The Medium Is the Message

In his presentation Trends, Fads and Transformation: The Impact of the Internet to Santa Barbara’s City College Lifetime Learning series, USC Annenberg’s Director of The Center for the Digital Future, Dr. Jeffrey Cole talked about how the Internet has altered mass media, societal social norms, and ecommerce.  News is less often read on paper, more often on the internet; we tell time, get the weather and wake up with a cell phone and put television shows and movies in our pockets.

Communications theorist and philosopher, Marshall McLuhan opined in the mid 60’s that the medium is the message. Wikipedia defines his meaning as  … the form of the medium embeds itself in the message creating a symbiotic relationship by which the medium influences how the message is perceived. McLuhan proposed that a medium affects a society in which it plays a role not only by the content delivered over the medium but also by the characteristics of the medium itself.

According to Dr. Cole, American families in 1975 watched one television screen and an occasional movie screen for an average of 16 hours a week. Now, many other screens of all shapes and sizes have crowded into view: the desktop, the laptop, the tablet, the giant flat screen TV and the smartphone for average viewing of 44 hours a week. And Google Glass, an Internet bi-focal that interacts with the internet through our voice commands, may be next. Dr. Cole points out that screens have become our constant companions because of FOMO, the Fear Of Missing Out. So, many citizens of the world are constantly available on Facebook, Twitter, e-mail and text. And anything communicated on the Internet can go viral within seconds. The immediacy can be both addictive and all consuming.

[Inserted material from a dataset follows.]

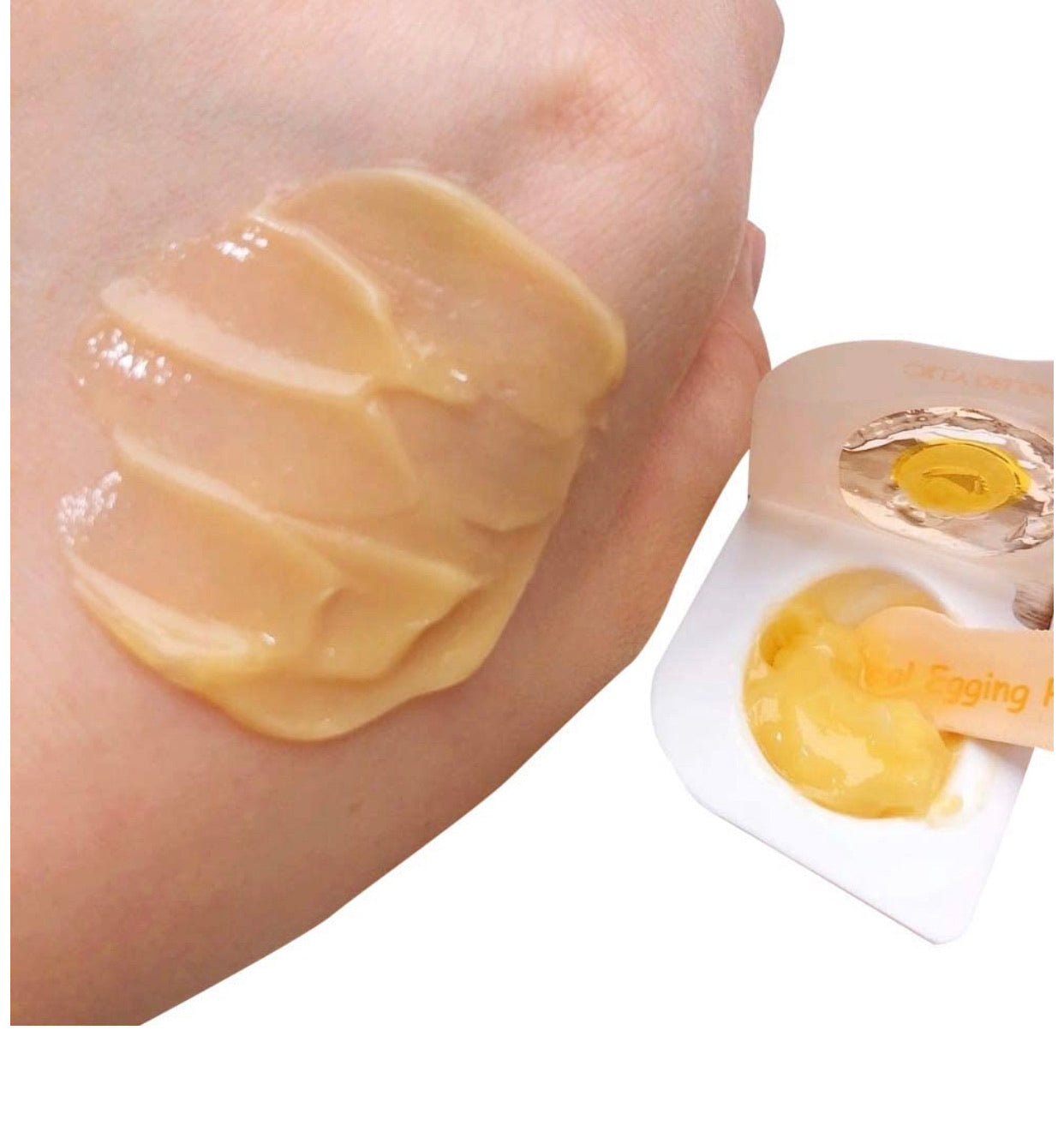 Mascarilla Facial Huevo Poros y Blanqueamiento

And everybody in the pool. According to a recent Pew Research study, more than half of seniors are online, too.  And a third are using social media. Dr. Cole questions how cool Facebook will stay? “The last place teenagers want to be is where their mothers and grandmothers are!”

Dr. Cole concludes that media doesn’t disappear. It merely adapts. Video and audio, which is still called television for lack of a better word, is how people communicate. Since 1981, audio/video recording of practice presentations and interviews with playback and constructive critique is how READY FOR MEDIA coaches clients to face audiences both in person and through the media.

In a Q&A session, Dr. Cole, who consults with corporations and governments worldwide, answered questions from the audience with respect to how small business must also adapt to the internet. We are adapting too, in helping clients get READY FOR NEW MEDIA.